• [Exercise directions] Find the line below with "Mercedes-Benz GLE 350 d 4-Matic - 17" and the line with "Marco de plata de ley con soporte de madera". Output exactly those lines and everything between them, leaving out the pictures.

• [Task material]
**********

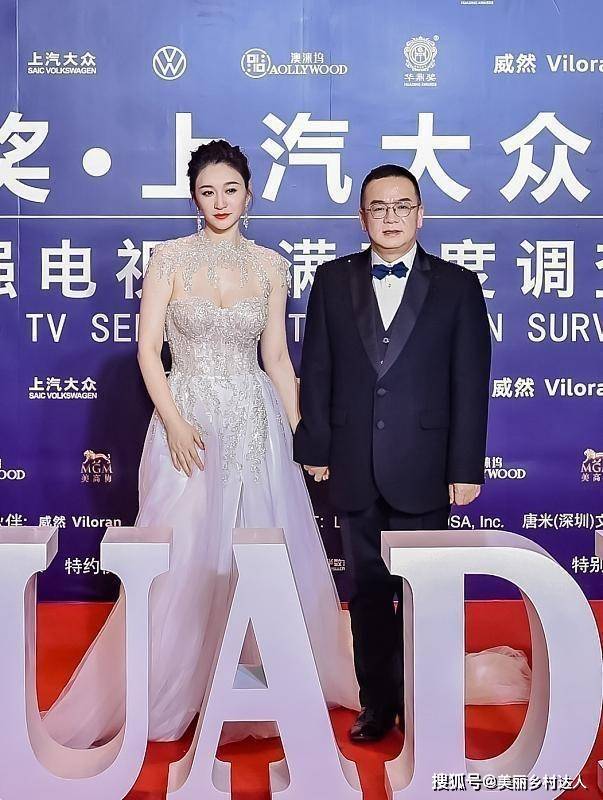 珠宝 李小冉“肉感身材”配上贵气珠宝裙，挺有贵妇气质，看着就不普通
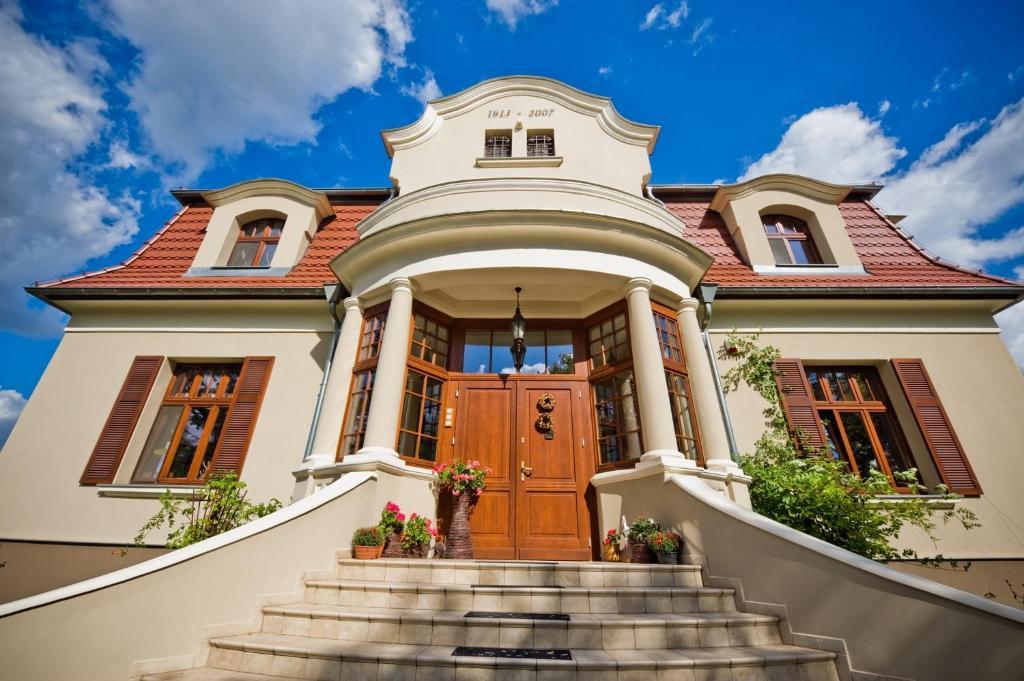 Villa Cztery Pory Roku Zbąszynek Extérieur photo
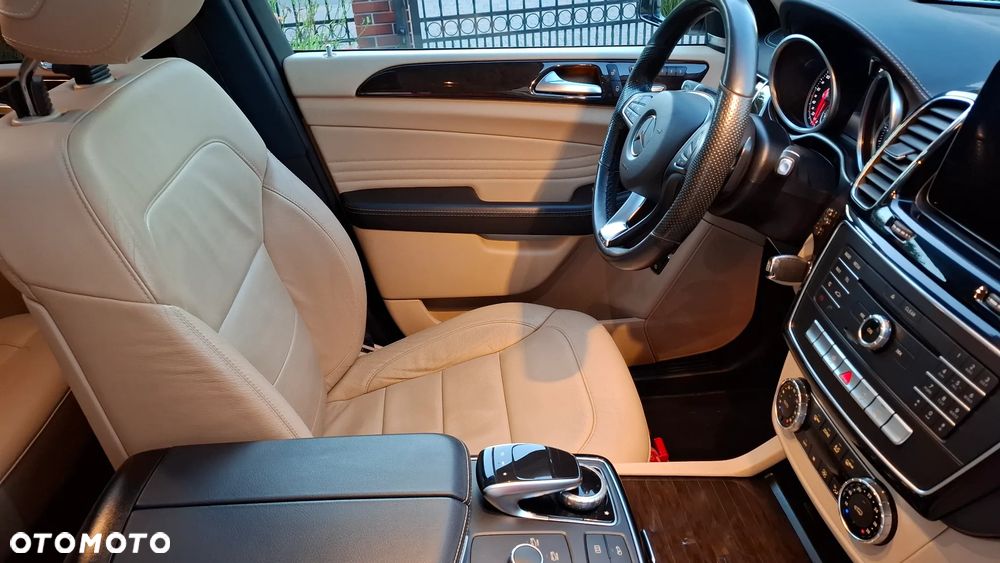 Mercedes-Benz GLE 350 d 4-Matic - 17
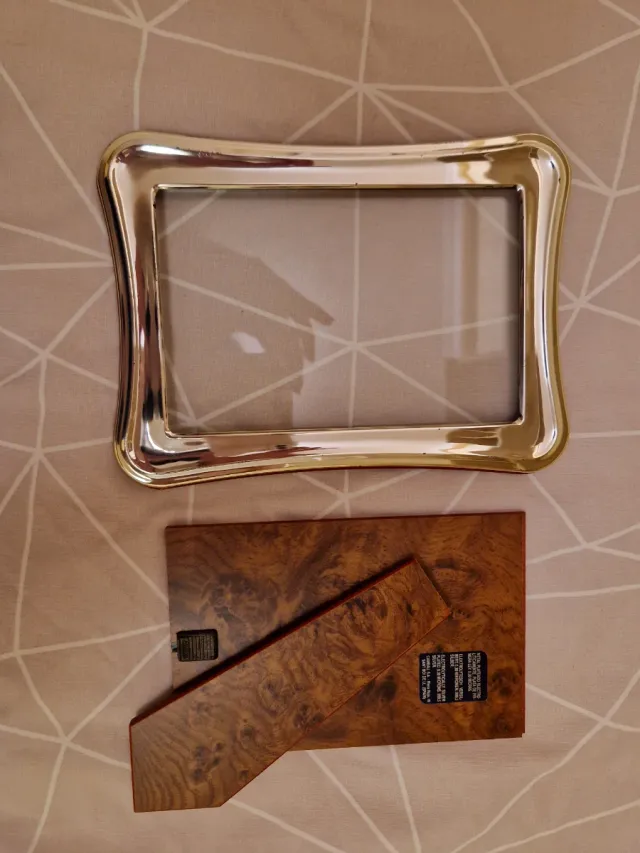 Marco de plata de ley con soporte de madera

**********

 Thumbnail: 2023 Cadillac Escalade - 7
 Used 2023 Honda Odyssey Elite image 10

**********

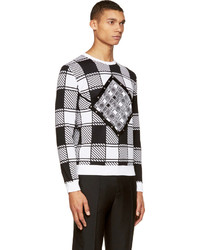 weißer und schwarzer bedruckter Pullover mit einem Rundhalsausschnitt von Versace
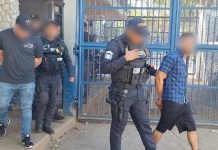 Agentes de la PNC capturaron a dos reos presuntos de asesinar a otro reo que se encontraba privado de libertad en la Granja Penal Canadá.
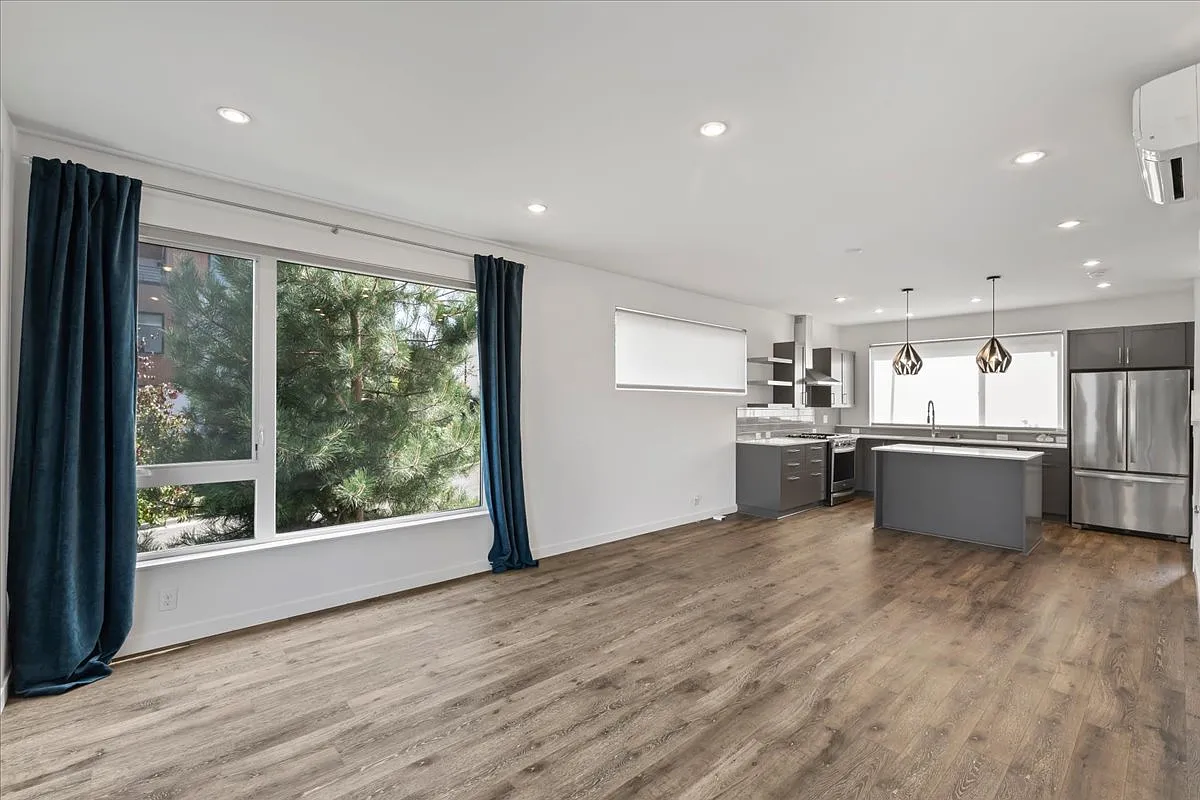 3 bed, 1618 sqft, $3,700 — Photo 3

**********

• [Result of the exercise]
 Mercedes-Benz GLE 350 d 4-Matic - 17
 Marco de plata de ley con soporte de madera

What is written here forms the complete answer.